Não é propriamente fácil traçar uma linha geral para este livro - e, contudo, ela está lá. A história nasce de uma multiplicidade de fragmentos, de pequenos momentos das vidas das várias personagens, como que vistos pelo olhar de alguma entidade distante. E, ainda assim, é incrivelmente fácil entrar na vida destas pessoas, querer saber mais - sobre o que as move, sobre o que são, sobre o que perderam. Tornam-se próximas, talvez precisamente por serem vistas aos poucos - pois o que é a vida senão uma sucessão de fragmentos entrelaçados na memória?

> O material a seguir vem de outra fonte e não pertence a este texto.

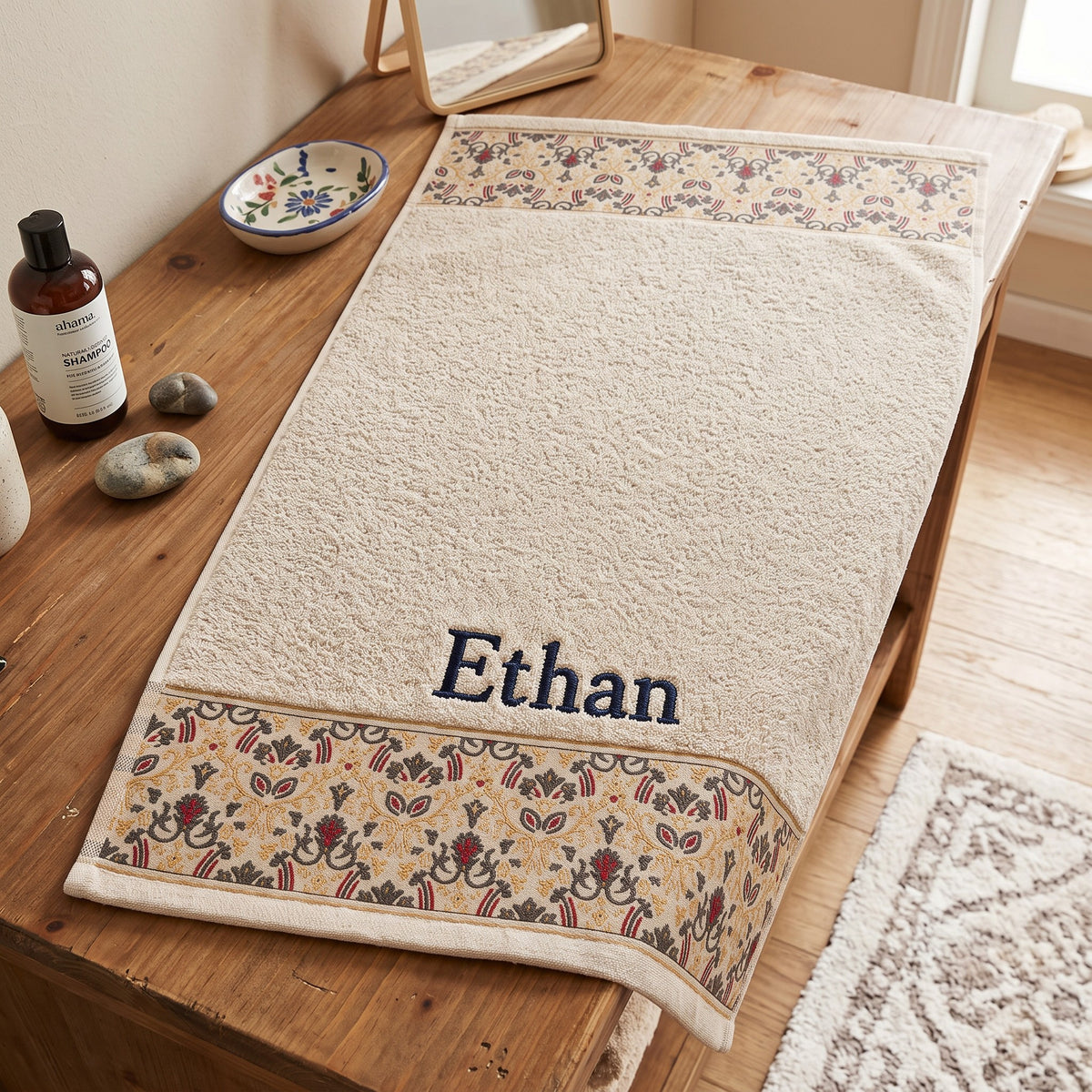 Ethan personalized hair towel, navy serif embroidery on cream cotton with a patterned border — photo 5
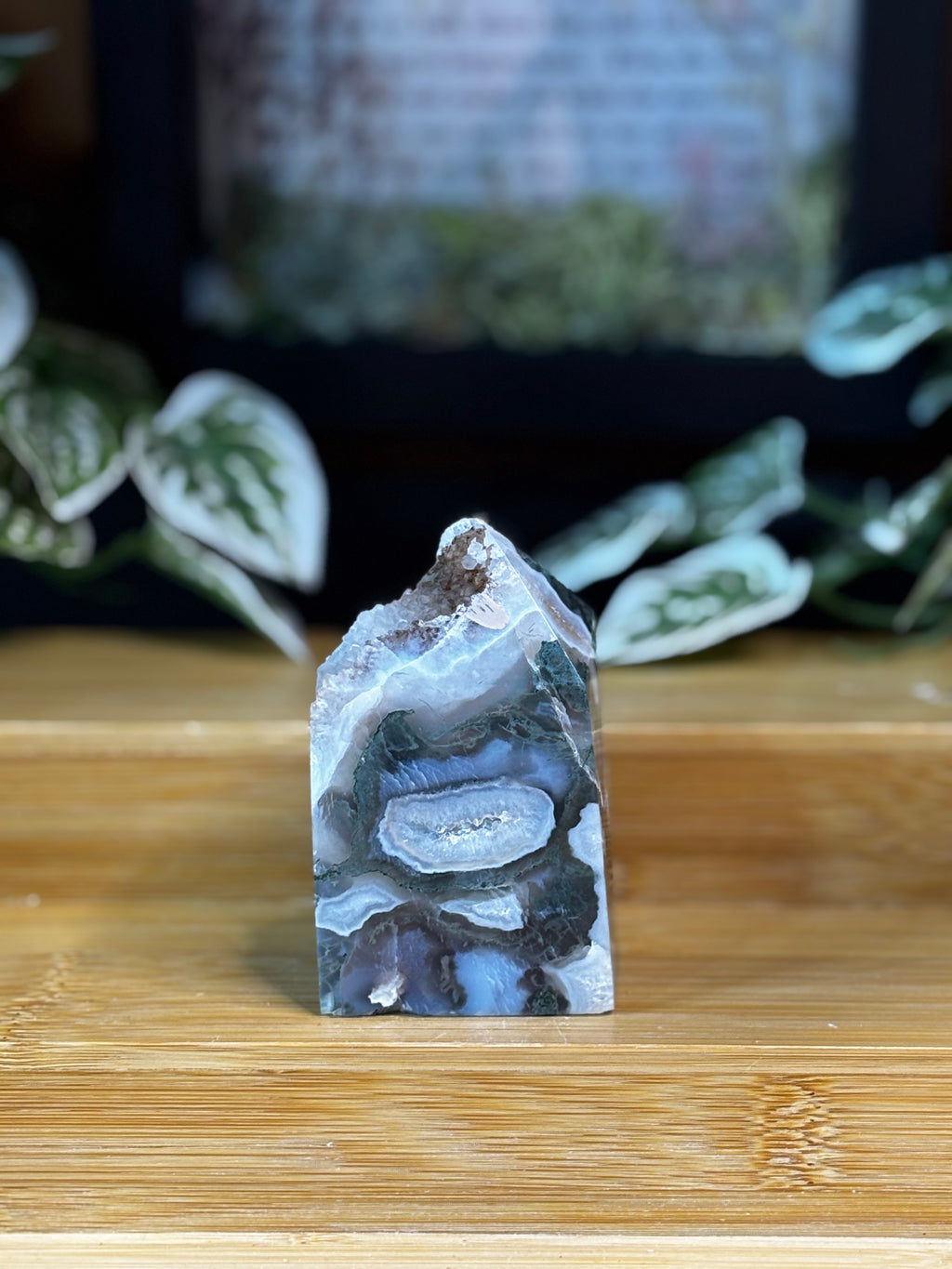Druzy Moss Agate Chunky Point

Também fascinante é a forma como todos estes pequenos momentos estão escritos, com a brevidade sintética de quem se cinge ao estritamente essencial. Narram-se os factos, expressam-se os pensamentos e os sentimentos como eles são, sem grandes elaborações nem divagações extensas. E, no entanto, este estilo sintético e preciso abre portas a uma mais ampla complexidade: há frases que contém em si mesmas uma verdade tão vasta que é quase incrível que tenham mesmo tão poucas palavras. E essas frases que ficam na memória, associadas aos pedaços de vida que, no seu conjunto, moldam um todo maior que a soma das suas partes, são o que tornam este mundo de peculiaridades tão real - e tão estranhamente familiar.
E há tantas vidas neste livro... Talvez seja também isso que o torna tão marcante. É que, ao acompanhar tantas personagens num livro tão breve, o autor realça precisamente aquilo que as torna únicas - e, ao mesmo tempo, o que nelas mais desperta interesse e empatia e solidariedade. No fundo, todas estas personagens têm algo de estranho - mas do tipo de estranheza que existe nos recantos mais cruéis da realidade. E, sendo certo que a vida não acaba no fim de uma história, também a história destas personagens não acaba: ficam coisas por dizer, futuros possíveis, bons ou maus. E este ponto de equilíbrio onde tudo termina - pondo fim a algumas coisas, mas deixando tantas outras por dizer - faz um estranho sentido nesta história em que todas as vidas são, por natureza, incompletas.
No fim, fica uma imagem intrigante: a de um livro que marca tanto por acontecimentos específicos como pela teia de sensações e de impressões que tece em torno deles. E é isto, aliás, que torna esta leitura tão memorável: um percurso que se faz vida nas pequenas coisas - e que continua no pensamento depois do fim.